At the time of his death, Cowan was a 22-year-old private first class in M Company, 23rd Infantry, Second Infantry Division. On December 17, 1944, the second day of the Battle of the Bulge, the last great German effort to split the Allied front and reach the English Channel, he was a heavy machine gunner attached to I Company near Krinkelter Wald, Belgium. The company was attacked by a superior force of Wehrmacht infantry and tanks. Cowan and his comrades repulsed the first six waves of attacking German infantry, but a seventh drive with tanks killed or wounded all but three of his section, leaving Dick to man his gun supported by only 15 or 20 riflemen.
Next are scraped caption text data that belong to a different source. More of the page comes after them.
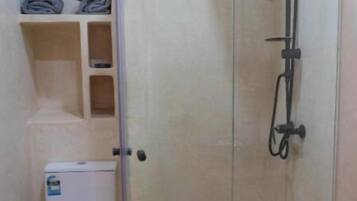 Un baño pequeño con inodoro, ducha con cerramiento de vidrio y repisas con toallas dobladas.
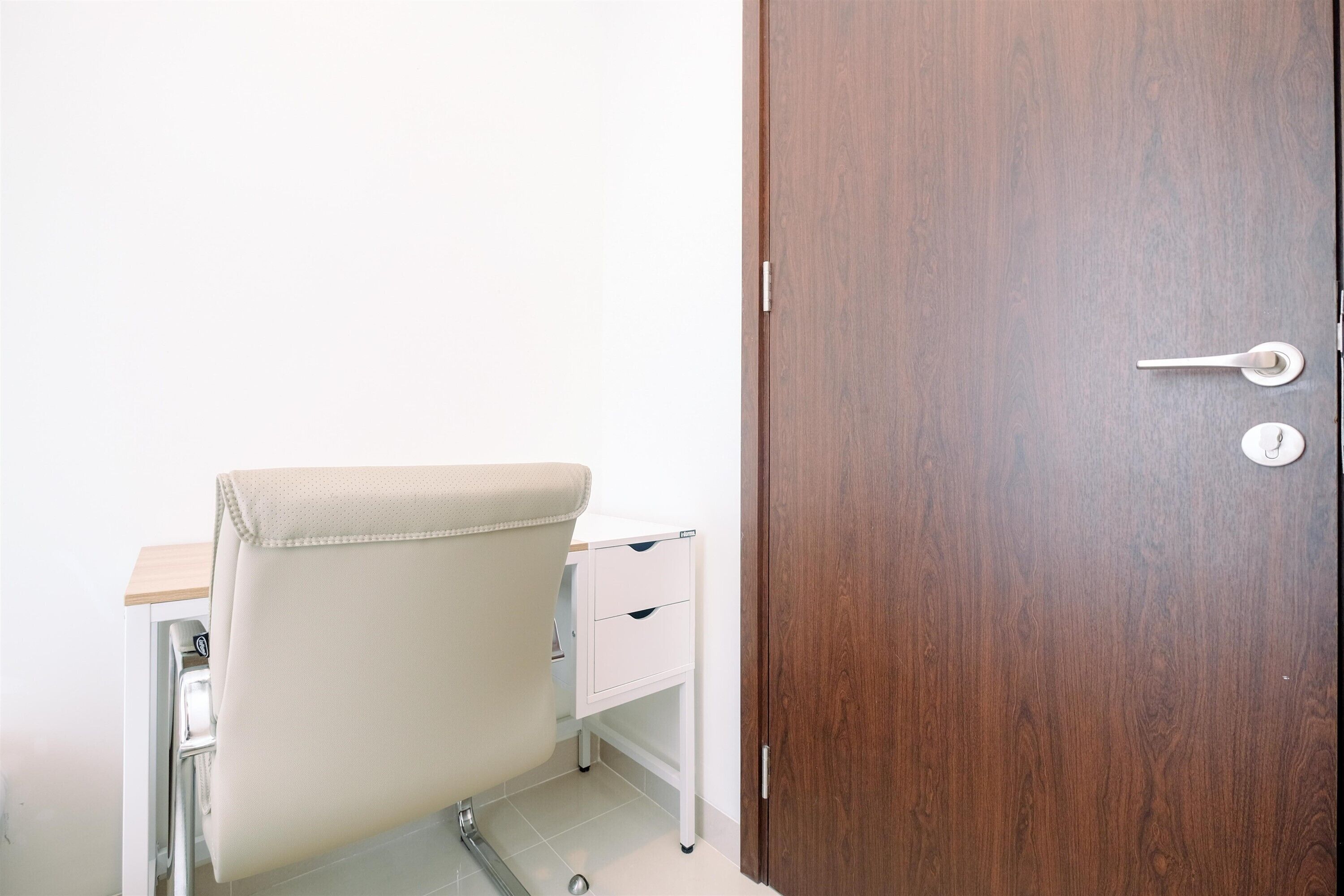 A room with a wooden door, a white desk with drawers, and a chair with a beige cushion.
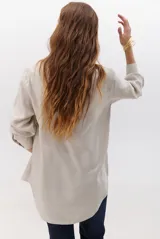 Camisa beige de manga larga con botones marrones y cuello clásico. Presenta un detalle de costura dorada a lo largo de la botonera.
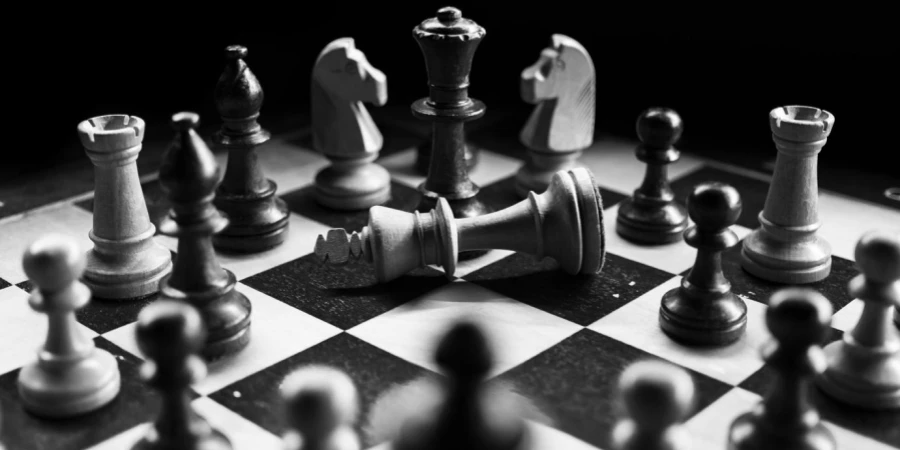 Grayscale Photography Of Chessboard Game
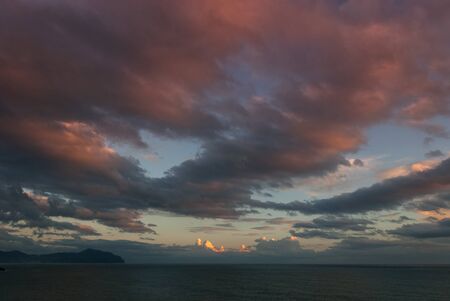 sunset over the sea in Genoa Boccadasse in Italyの写真素材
He stood his ground, holding off the Germans until the rest of his force could set up a new line behind him. Then, unaided, he moved his heavy weapon and ammunition to the second position. A King Tiger tank approached, but he held his fire until 80 or so supporting German infantry broke cover. His first burst of fire killed or wounded half of them. The tank fired its 88 mm cannon, rocking his position. He continued to man his gun, pouring a deadly fire into the German ranks. Barely missed by another shell from the tank and fire from three German machine guns and a rocket, he stood by his gun. Finally, after he had killed an estimated one hundred of the enemy, his position became untenable.

Cowan lifted the heavy gun on his back and escaped into the village of Krinkelt. Out of ammunition and too exhausted to carry the gun, he received permission to destroy it. He then picked up a rifle and joined other infantry in defending the town. He was killed by enemy fire the next day on December 17, 1944.

President Harry S. Truman gave Cowan's Medal of Honor to his parents in a ceremony on the White House lawn, marking their son's heroic exploits in the Ardennes campaign. Cowan is the only known Oberlin College recipient of the Medal of Honor.

==Medal of Honor citation==
Rank and organization: Private First Class, U.S. Army, Company M, 23d Infantry, 2d Infantry Division. Place and date: Near Krinkelter Wald, Belgium, 17 December 1944. Entered service at: Wichita, Kans. Birth: Lincoln, Nebr. G.O. No.: 48, 23 June 1945.

Citation:

He was a heavy machinegunner in a section attached to Company I in the vicinity of Krinkelter Wald, Belgium, 17 December 1944, when that company was attacked by a numerically superior force of German infantry and tanks. The first 6 waves of hostile infantrymen were repulsed with heavy casualties, but a seventh drive with tanks killed or wounded all but 3 of his section, leaving Pvt. Cowan to man his gun, supported by only 15 to 20 riflemen of Company I. He maintained his position, holding off the Germans until the rest of the shattered force had set up a new line along a firebreak. Then, unaided, he moved his machinegun and ammunition to the second position. At the approach of a Royal Tiger tank, he held his fire until about 80 enemy infantrymen supporting the tank appeared at a distance of about 150 yards. His first burst killed or wounded about half of these infantrymen. His position was rocked by an 88mm. shell when the tank opened fire, but he continued to man his gun, pouring deadly fire into the Germans when they again advanced. He was barely missed by another shell. Fire from three machineguns and innumerable small arms struck all about him; an enemy rocket shook him badly, but did not drive him from his gun. Infiltration by the enemy had by this time made the position untenable, and the order was given to withdraw. Pvt. Cowan was the last man to leave, voluntarily covering the withdrawal of his remaining comrades. His heroic actions were entirely responsible for allowing the remaining men to retire successfully from the scene of their last-ditch stand.